The Repertoire of Serous Ovarian Cancer Non-genetic Heterogeneity Revealed by Single-Cell Sequencing of Normal Fallopian Tube Epithelial Cells.

Cancer cell (2020-02-13)
Zhiyuan Hu, Mara Artibani, Abdulkhaliq Alsaadi, Nina Wietek, Matteo Morotti, Tingyan Shi, Zhe Zhong, Laura Santana Gonzalez, Salma El-Sahhar, Mohammad KaramiNejadRanjbar, Garry Mallett, Yun Feng, Kenta Masuda, Yiyan Zheng, Kay Chong, Stephen Damato, Sunanda Dhar, Leticia Campo, Riccardo Garruto Campanile, Hooman Soleymani Majd, Vikram Rai, David Maldonado-Perez, Stephanie Jones, Vincenzo Cerundolo, Tatjana Sauka-Spengler, Christopher Yau, Ahmed Ashour Ahmed
ANOTACE

The inter-differentiation between cell states promotes cancer cell survival under stress and fosters non-genetic heterogeneity (NGH). NGH is, therefore, a surrogate of tumor resilience but its quantification is confounded by genetic heterogeneity.
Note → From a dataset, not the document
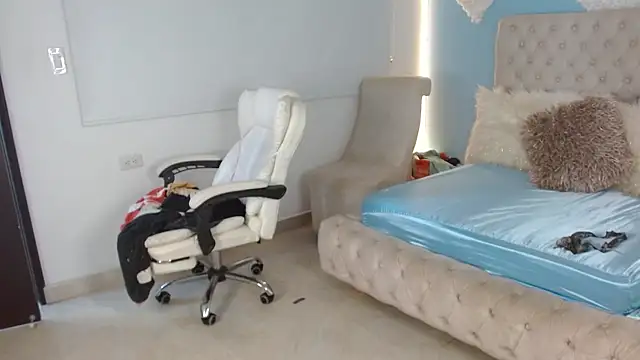 channelsmith_55 Adlı Modelin Canlı XXX Sohbeti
Here we show that NGH in serous ovarian cancer (SOC) can be accurately measured when informed by the molecular signatures of the normal fallopian tube epithelium (FTE) cells, the cells of origin of SOC. Surveying the transcriptomes of ∼6,000 FTE cells, predominantly from non-ovarian cancer patients, identified 6 FTE subtypes. We used subtype signatures to deconvolute SOC expression data and found substantial intra-tumor NGH. Importantly, NGH-based stratification of ∼1,700 tumors robustly correlated with survival. Our findings lay the foundation for accurate prognostic and therapeutic stratification of SOC.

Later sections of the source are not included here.